As recruiting stories go, how Kaylee Smiler ended up at BYU is a little bit different than the norm.
The redshirt freshman guard has earned more playing time lately and figures to play a big role this week for the Cougars, who host Saint Mary’s and Pacific in games that will likely determine second place in the West Coast Conference.
BYU has a nice pipeline to New Zealand, starting with all-conference player Kalani Purcell in 2015. This season, the Cougars have three Kiwis on their roster: Seniors Kaiden Tato and Shalae Salmon and Smiler. BYU coach Jeff Judkins said BYU is recruiting several other players from that country for the future.
Smiler performed well in high school and club basketball. She planned on going to BYU-Hawaii but the school gave up on college athletics after the 2016-17 season. Since the Smilers and the Purcells were family friends, Kaylee’s uncle sent Kayee’s highlight video to Kalani Purcell directly. She gave the video to BYU assistant coach Ray Stewart, who called Kaylee and invited her to come to Provo on an official visit.
“I was like, ‘Really? Right now?’” Smiler said. “It was super close to summer semester starting. Myself and Signe Glance (who is from Sweden) had our official visit. I was home about three weeks and then came back to Utah to start summer semester. It was kind of a whirlwind.”
Smiler and Glance signed with BYU in late May of 2018.
Smiler redshirted during the 2018-19 season.

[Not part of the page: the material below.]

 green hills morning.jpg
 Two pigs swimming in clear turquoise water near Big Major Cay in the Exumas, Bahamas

“It was actually very helpful,” Smiler said. “Everything is different here: The culture, the people, the school … it was kind of crazy. To be able to redshirt and to learn how the coaches are and about my teammates, it really helped me.”
Through the first 14 games of this season, Smiler played around five minutes a game as BYU coach Jeff Judkins searched for the right combination coming off the bench. On a road trip to Pacific and Saint Mary’s in mid-January, things changed.

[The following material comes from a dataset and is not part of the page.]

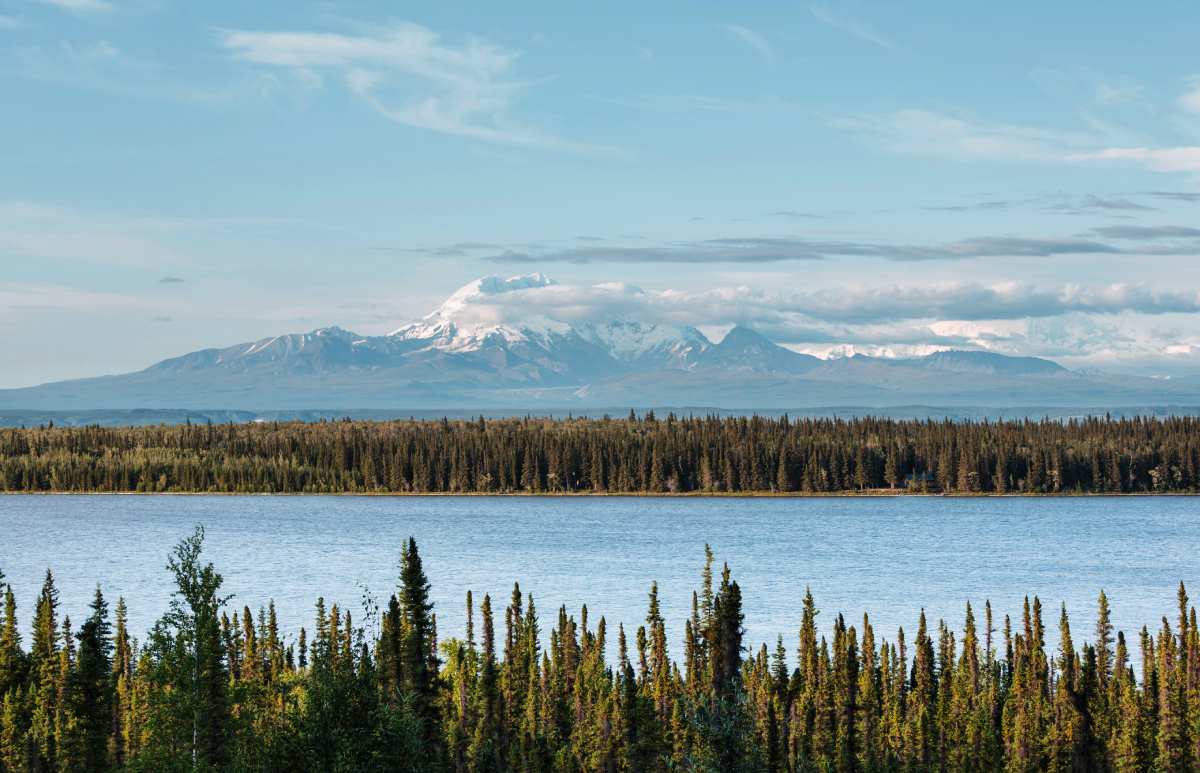 Alaska mountain range in the summer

BYU junior guard Paisley Johnson sprained her ankle during warmups against Pacific but played through the pain and scored a career-high 31 points in a 76-66 overtime victory. Two days later in Moraga, California, Johnson dressed and warmed up but trainers decided she shouldn’t play.
“The coaches told us right before the game that Paisley wasn’t going to play, and I was like, ‘Here we go,’” Smiler said.
Smiler didn’t start but she played 29 minutes, scoring a career-high 19 points on 4 of 4 from the 3-point line in a 68-58 victory. She is shooing a team-leading 45 percent (9 of 20) from beyond the arc.
“I was glad that when my number was called, I was ready,” Smiler said.
Since that game she’s been averaging around 17 minutes a game and is the first guard off the bench for Judkins.
“She should be pretty comfortable now,” Judkins said. “Sometimes the problem with Kaylee is she doesn’t realize what she needs to do to help the team. She tries to be too much of a team player. She needs to have some selfishness. I want her to shoot and I want her to score, because right now, percentage wise, she’s our best shooter. By her doing that, it can open things up a lot.”
Smiler said the adjustment to living in Utah was difficult at first, but she has a sister who lives in Provo and her two Kiwi teammates provided some help when she became homesick.
Having success on the court helps as well.
“I think our strength is our unity,” Smiler said. “We like each other on and off the court. When we work together we’re a machine. When we work together, nothing can stop us.”
Smiler’s contribution will be critical this week against Saint Mary’s on Thursday. The Gaels shocked No. 11 Gonzaga on Saturday 70-60, jumping out to an 18-4 lead and shooting lights out (14 of 21, 67 percent) from the 3-point line. Saint Mary’s is a streaky shooting team – The Gaels made 11 of 30 (37 percent) from distance against BYU in the first meeting.
“The scary thing is they really shoot the three ball,” Judkins said. “One game I watched from the preseason they shot 40 3-pointers. What we have to do is not give them open looks and make every shot be rushed. When we do that, they are still going to make some but hopefully not as many.”